Юрков легко вводил в свою естественную и свободную речь и уличную лексику, и советские сокращения, и говорок пивной, и газетный сленг – но все это помещалось в такое ироничное, точно просчитанное окружение, что видно было, как отторгается чужеродное слово. Главное же – он был абсолютно ни на кого не похож: видно, что человек читал и Маяковского, и Пастернака, и Мандельштама, и Хлебникова, но обнаружить у него чьи-либо серьезные влияния никак не удавалось:

 

«И у нашего предместия, где на ставенках цветы, застрелю тебя из мести я, и на снег свалишься ты. Грудь коварная прострелена – ни кровинки, ни следа… Видно, нам с тобою велено не встречаться никогда».

 

А она отвечает:

 

«Не обучена я грамоте, а знаю сказки пострашней. Дай-ка лучше мне на память и на похмелье пять рублей».

 

Я поискал еще кое-какие стихи Юркова по старым киевским газетам, почти ничего не нашел, благополучно прокатился по нескольким университетам с докладом о нем (тогда еще практиковались научные студенческие конференции), сделал на машинке самопечатную книжечку его лирики – и дальше наступает пауза на пятнадцать лет.

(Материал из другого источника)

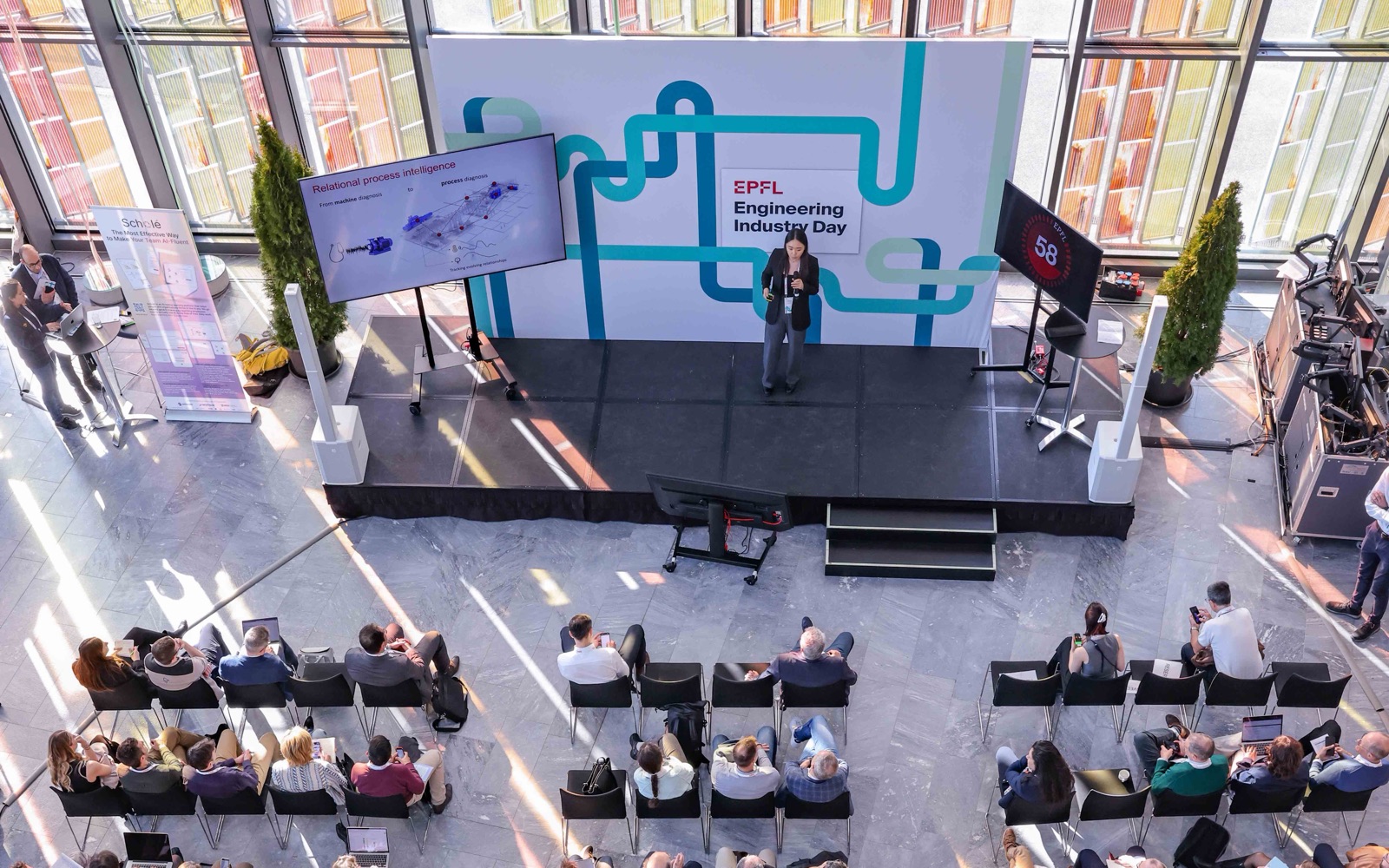Mengjie Zhao pitching KIIO on the Agora stage at EPFL Engineering Industry Day, seen from above with the audience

…Не сказать чтобы я о нем не помнил: мне случалось его цитировать к случаю, и почти каждого знакомого киевского филолога я расспрашивал, не знает ли он чего-нибудь о Юркове. Никто ничего не знал, и постепенно я пришел к мысли, что на свете существует единственный читатель и хранитель текстов забытого поэта, который в лермонтовском возрасте умер в Боярке; что я один что-то помню о нем, как тот попугай у Новеллы Матвеевой, который оказался единственным жителем планеты, помнящим мертвый язык. Самое интересное, что я ничего о нем не знал: прочел пару довольно сдержанных отзывов в прессе того времени, и всё. Не знал, как он выглядит. Не представлял, женат ли, кого любил, с кем жил, с кем общался. В некотором смысле это не худший вариант для поэта – остаться только стихами; но жгла сама его история – я был уверен, что где-то есть и архив, и тексты, и фотография. Не может быть, думал я, чтобы человек с подобными задатками канул вовсе уж бесследно. Из-под этой заколоченной двери тянуло сквознячком и угадывался свет – вот почему я про него помнил.

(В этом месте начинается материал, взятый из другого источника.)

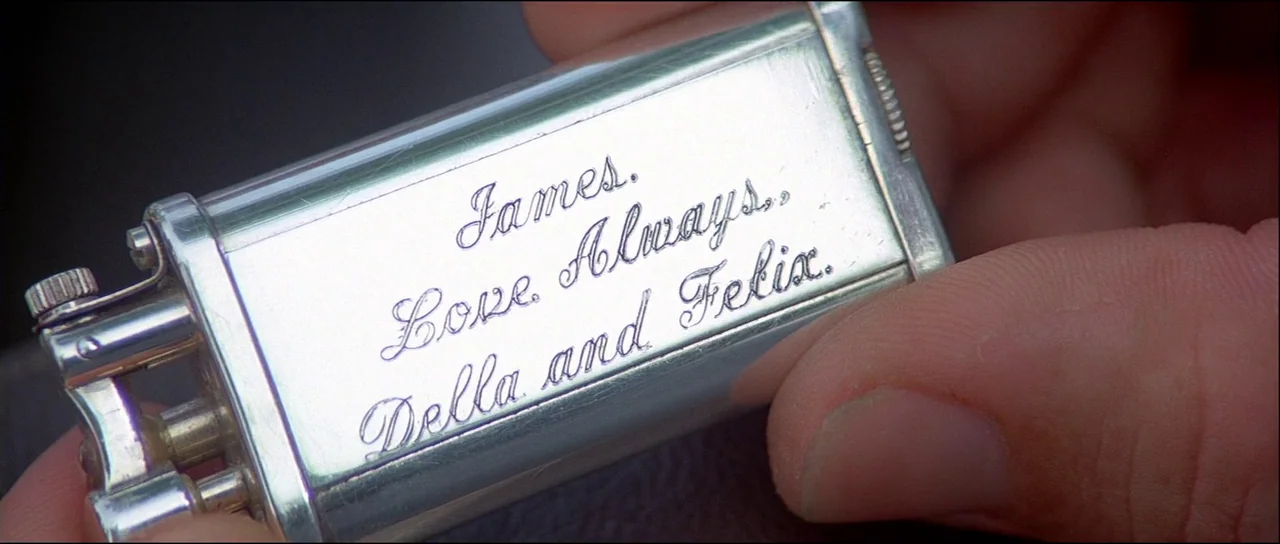 Licence to Kill (1989) movie still: closeup — A close-up shot focuses on a polished silver metal cigarette lighter being held. The inscription reads…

Лишь недавно в виртуальном ЛИТО, которое завел в Интернете мой любимый писатель Александр Житинский, я познакомился с двумя молодыми киевлянами – Женей Чуприной и ее мужем Алексеем Никитиным, которых по привычке спросил о Юркове. Дальше начала раскручиваться невероятная цепочка: Никитин переговорил с киевским поэтом Риталием Заславским, который серьезно занимается полузабытыми и недооцененными киевскими поэтами; Заславский поведал мне о сборнике – антологии таких поэтов, где планируется издать и Юркова; он же сообщил, что главным (потому что единственным) специалистом по Юркову является загадочный человек Хрыкин родом из Чернигова. Он-то, Хрыкин, и выпустил несколько самодельных книжечек Юркова, которые кто-то где-то когда-то видел; самого же Хрыкина можно найти через…- последовала еще одна сложная цепочка из киевских и черниговских поэтов и поэтесс, на конце которой оказался телефон вполне реального Святослава Хрыкина. Услышав по телефону, что я когда-то занимался Юрковым, он ничуть не удивился и пригласил меня к себе в гости. И я поехал.

Поскольку все знакомые Хрыкина предупреждали меня о трудностях контакта, я представлял себе нечто еще более безумное, чем я (потому что кто же еще может заниматься таинственным Юрковым, безвестно умершим семьдесят лет назад). В Чернигов из Киева везли меня друзья-журналисты; неожиданно среди совершенно весеннего дня повалил снег, резко похолодало – природа делала все возможное, чтобы мы опоздали или вообще не попали к главному хранителю юрковского наследия; на улице, которую он назвал, не оказалось такого дома; дом стоял в глубине, во дворе, едва нашелся.